### What to produce
Apart from the pictures, the listing is to be returned exactly.

### Supplied material
──────

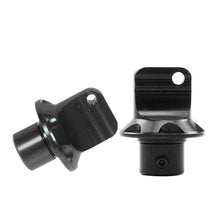 Load image into Gallery viewer, Universal Aluminum Alloy Motorcycle Key Cover Decorative Key Head Cover Lock Motor Key Head Mouldings Electric Key Retrofit Accessories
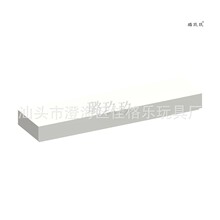 ��50G�𶩡��羳MOC������ľ�ּ��ݸ�2431С����1x4���氫��91143
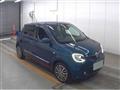 2021 Renault Twingo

──────

### Response to the task
 Load image into Gallery viewer, Universal Aluminum Alloy Motorcycle Key Cover Decorative Key Head Cover Lock Motor Key Head Mouldings Electric Key Retrofit Accessories
 ��50G�𶩡��羳MOC������ľ�ּ��ݸ�2431С����1x4���氫��91143
 2021 Renault Twingo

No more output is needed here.